I’m not a fan of Extropic, but I’m seeing a lot of misconceptions here.
They’re not building “a better rng”- they’re building a way to bake probabilistic models into hardware and then run inference on them using random fluctuations. Theoretically this means much faster inference for things like PGMs.
Skimmed the litepaper. Has the flavor of: you can do "simulated" annealing by literally annealing. I like the idea of using raw physics as a "hardware" accelerator, i.e. analog computing. fwiw, quantum computing can be seen as a form of analog computing.
I do think that a "better rng" can be interesting and useful in and of itself.
Thanks for the Normal Computing post, it felt more substantial.
We experimented with doing ML training with it, but it's not clear that it trains any better than a non-broken PRNG. It might be fun to feed the output into stable diffusion and see how cool the pictures are, though.

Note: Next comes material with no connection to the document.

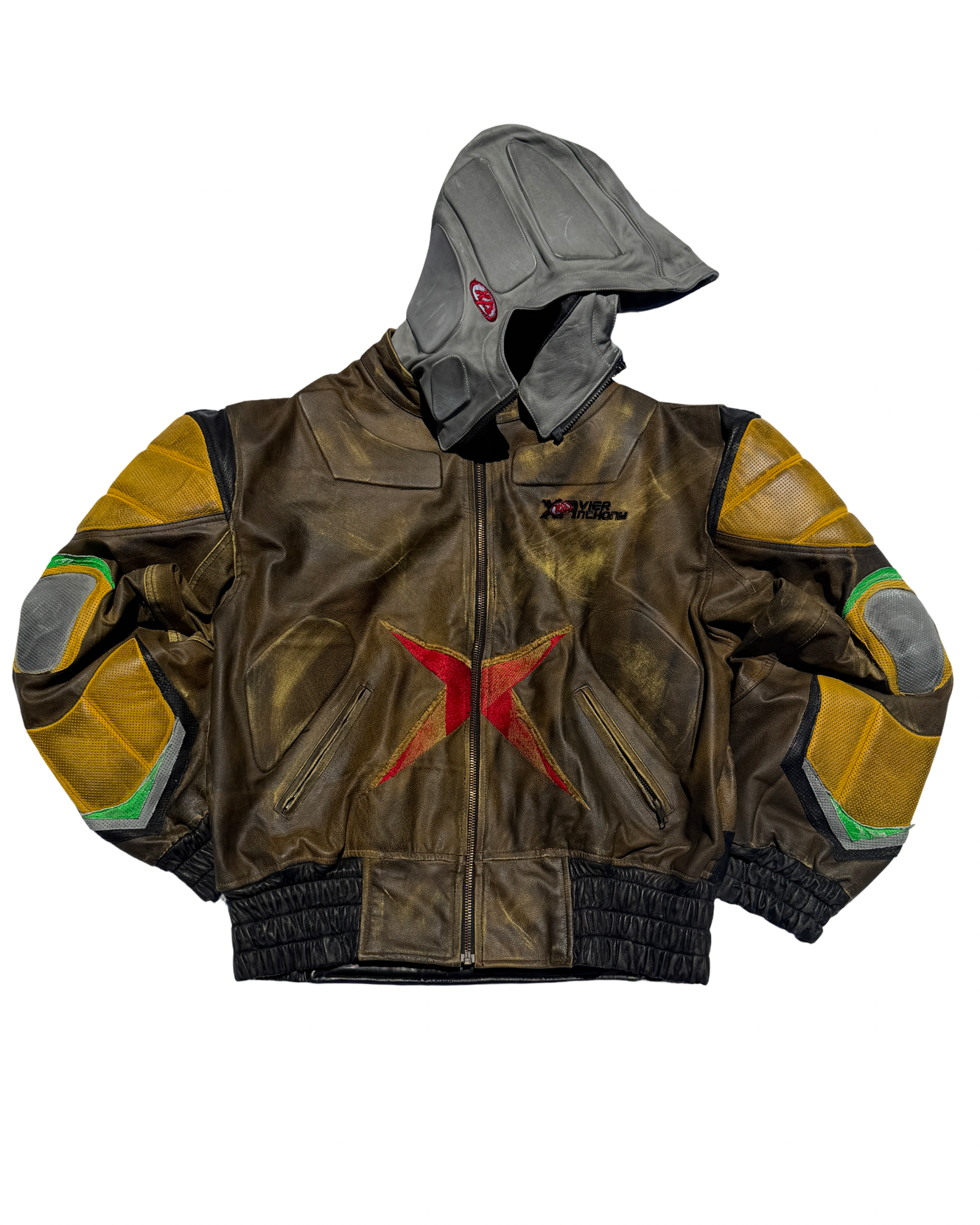 Nympho Moto Coat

It did make me curious however, if we dropped the requirement that operations return correct values in favor of probably correct values - would we see any material computing gains in hardware? Large neural models are intrinsically error correcting and stochastic.

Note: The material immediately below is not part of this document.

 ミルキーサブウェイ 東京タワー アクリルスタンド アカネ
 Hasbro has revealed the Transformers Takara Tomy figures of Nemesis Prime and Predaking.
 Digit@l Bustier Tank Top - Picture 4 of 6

I’m unfortunately not familiar enough with hardware to weigh in.
The trouble is if you use actual randomness then you lose repeatability which is an incredibly useful property of computers. Have fun debugging that!
What you want is low precision with stochastic rounding. Graphcore's IPUs have that and it's a really great feature. It lets you use really low precision number formats but effectively "dithers" the error. Same thing as dithering images or noise shaping audio.
I wouldn't want to write this off because you get the feeling these guys are on to something that could be hugely important (ignoring quantum this thermodynamic that) - but surely it feels like they need to get to the point a lot faster e.g.
"We're taking a new approach to building chips for AI because transistors can't get any smaller."
I really don't know what they gain by convoluting the point and it's pretty hard to follow what the CEO is talking about half the time.
Quantum computing people have been selling this exact spiel (including the convoluted talking points) for decades and it keeps working at getting funded. It has not produced any results for the rest of us, though.
One difference is that baking mathematical models into electronic analogs is older than integrated circuits. The reason we deviated from that model is because the re-programmability and cost of general purpose, digital computers was way more economical than bespoke hardware for expensive and temperamental single purpose analog computers. The unit economics basically killed analog computing. What Extropic (and others) have identified is that in the case of machine learning, the pendulum might have to swing back because we do have a large scale need for bespoke hardware. We'll see if they're right.
Quantum computing has been exploring an entirely new model of computation for which it's hard to even articulate the problems it can solve. Whereas using analog computers in place of digital is already well defined.
The tech could be really cool if e.g. classifiers could be represented within the probability space modeled on their hardware. However their shaman-speak isn't confidence inducing.
Your summary seems to miss a later quote from the article:
> Extropic is also building semiconductor devices that operate at room temperature to extend our reach to a larger market. These devices trade the Josephson junction for the transistor. Doing so sacrifices some energy efficiency compared to superconducting devices. In exchange, it allows one to build them using standard manufacturing processes and supply chains, unlocking massive scale.
So, their mass-market device is going to be based on transistors.
The actual article read like a weird mesh of techno-babble and startup-evangelism to me. I can't judge if what they are suggesting is vaporware or hyperbole. This is one of those cases where they are either way ahead of my own thinking or they are trying to bamboozle me with jargon.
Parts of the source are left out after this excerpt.